Fire threatens historic Yellowstone resort |

Fire threatens historic Yellowstone resort

Associated Press Writer
Glenwood Springs, CO Colorado

PAHASKA TEPEE, Wyo. (AP) ” Firefighters planned to step up their attack Friday on a 29-square-mile fire that was threatening a century-old lodge outside Yellowstone National Park.

Two specialized crews trained to work in rugged terrain were due to arrive early in the day.

Firefighting resources across the West have been stretched thin by dozens of major fires, limiting efforts to douse the Yellowstone blaze in recent days largely to just three helicopters dropping buckets of water.

Most ground crews have kept their distance and concentrated on setting up defensive sprinkler systems around the Pahaska Tepee Resort ” which includes a 1904 hunting lodge built by Buffalo Bill Cody ” and dozens of other cabins and lodges along the North Fork of the Shoshone River.

Many residents and vacationers have fled over worries the fire could flare up.

The shortage of resources, on top of dry conditions, wind and high concentrations of trees killed by a beetle infestation, allowed the Columbine fire to push within about 3 miles of Pahaska by Thursday night. Fire officials said they hoped to block it on Friday from spreading toward Crow Creek, a drainage that leads right into the resort.

“If that goes it will be hard to stop,” said fire information officer Jill Cobb. “Right now we need the more elite firefighters because of the terrain. We are not doing a lot of direct attack because it’s not safe.”

The two specialized crews, coming in from the Southwest, will each have 20 firefighters, Cobb said. She said four more helicopters also were on order and up to 100 additional firefighters were expected. The helicopters could take several days to arrive, she said.

The fire began Aug. 9 with a lightning strike inside Yellowstone. After expanding rapidly over the past week, the fire forced the closure of the park’s eastern entrance on Tuesday.

More than 3,000 visitors a day passed through the entrance last month. Yellowstone spokesman Al Nash said it would remain closed until fire conditions improved.

At the Buffalo Bill lodge ” where the Western icon once entertained clients including the Prince of Monaco ” Byron Bennett, a firefighter from Meeteetse, said he was confident the lodge and surrounding cabins would be saved. But he said everything else could soon go.

“Any embers get in here, we’ll snuff them out,” Bennett said. “But we might as well get this over with and burn everything else through.”

Resort owner Angela Coe said fires have threatened numerous times in the past, most recently in 2003 when the East Fire approached along Crow Creek. But she said most of those were attacked more aggressively from the outset.

“This one has basically been a let-it-burn fire until the last day or so,” she said Thursday.

Bennett and others wrapped a heat-resistant foil around the base of the historic lodge, and set up sprinklers to soak the resort’s perimeter. Sprinklers also were set up at around approximately 15 other cabins and lodges along the North Fork of the Shoshone.

The weekend forecast called for a front to move through the region, bringing with it wind gusts of 25 to 30 miles per hour.

“That doesn’t bode well for our firefighting efforts,” Cobb said.

Four other fires were burning around Yellowstone but didn’t threaten to close any roads or facilities.
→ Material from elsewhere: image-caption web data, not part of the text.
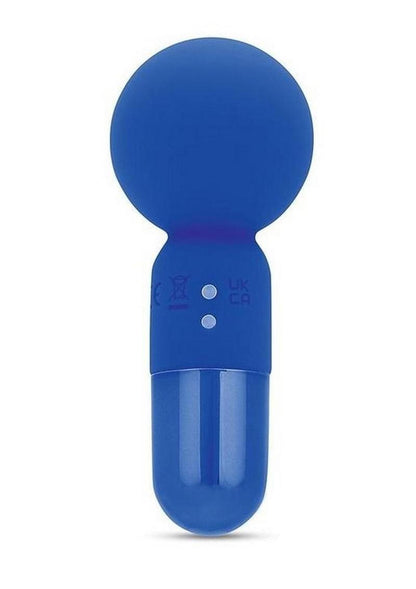 Bodywand 4Play Pocket Power Rechargeable Mini Wand - Blue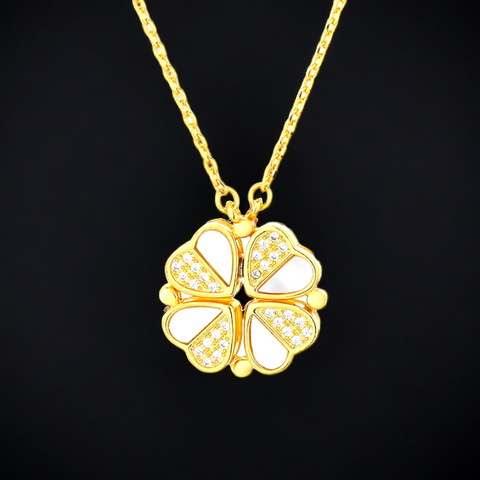 Four-Leaf Clover Necklace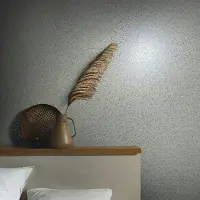Marburg Vliestapete "Tapete Glänzender Hammerschlag" glänzend moderne Vliestapete für Wohnzimmer Schlafzimmer Küche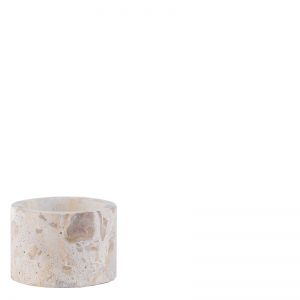 BUTTERSCOTCH PILLAR CANDLE HOLDER M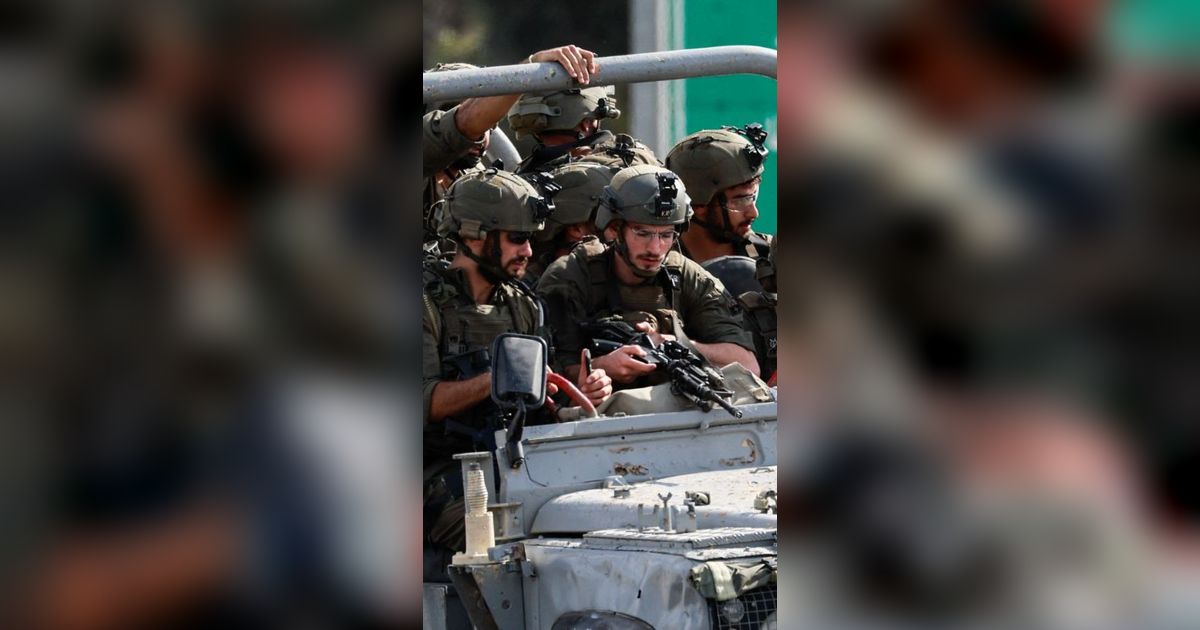 Israel Rekrut Ribuan Tentara Asing untuk Bertempur di Gaza, Bayarannya Cuma Segini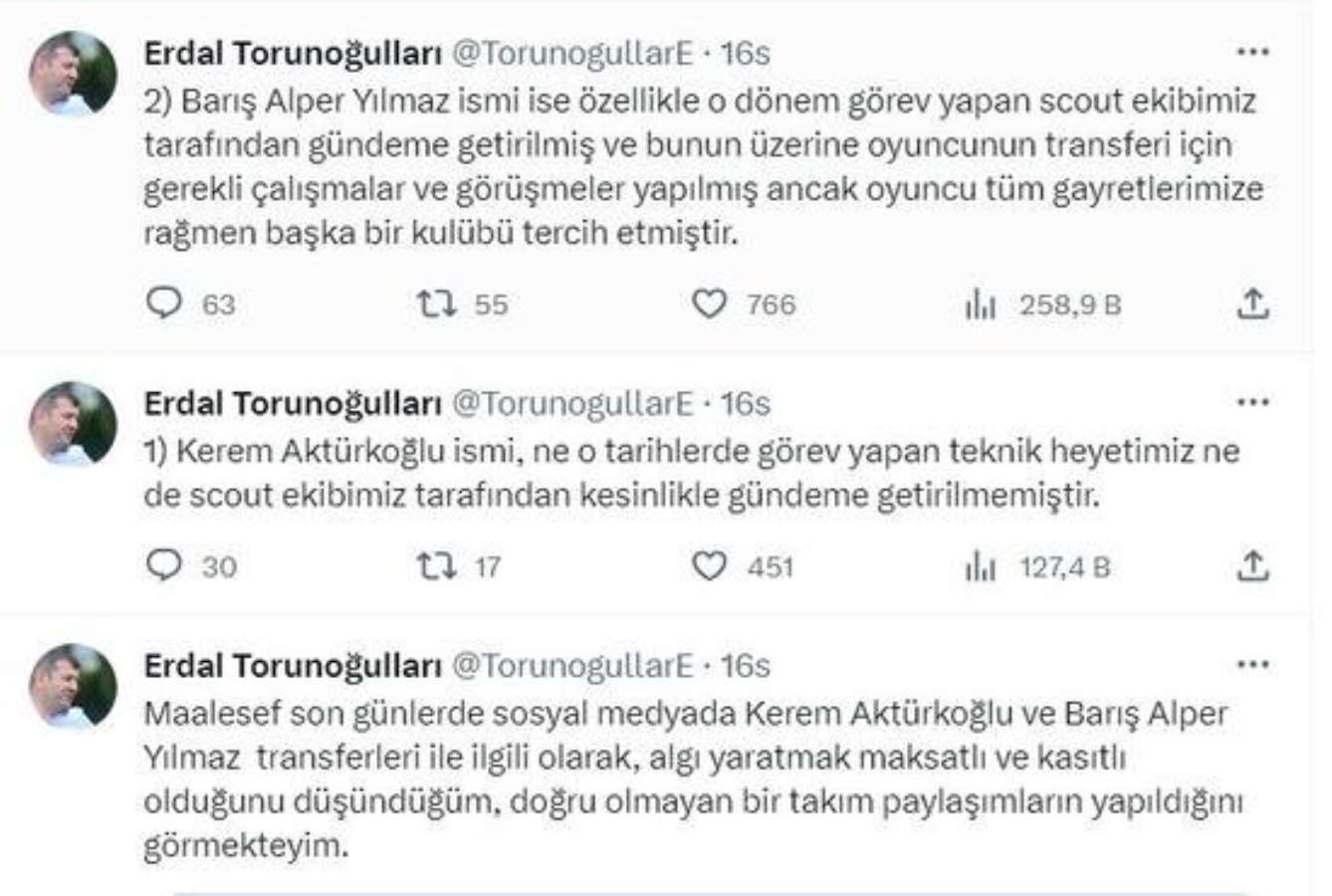 Beşiktaş'tan Barış Alper Yılmaz itirafı! 'Tüm gayretlerimize rağmen...'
Two remote fires ” a 1,000-acre fire on the Promontory Peninsula in Yellowstone Lake and a 1,500-acre fire east of the lake ” were not being fought.

A 2,800-acre fire that had been declared fully contained several weeks ago also flared up this week and firefighters were called into prevent the fire from spreading. Also, a 40-acre fire near the park’s south entrance was fully contained.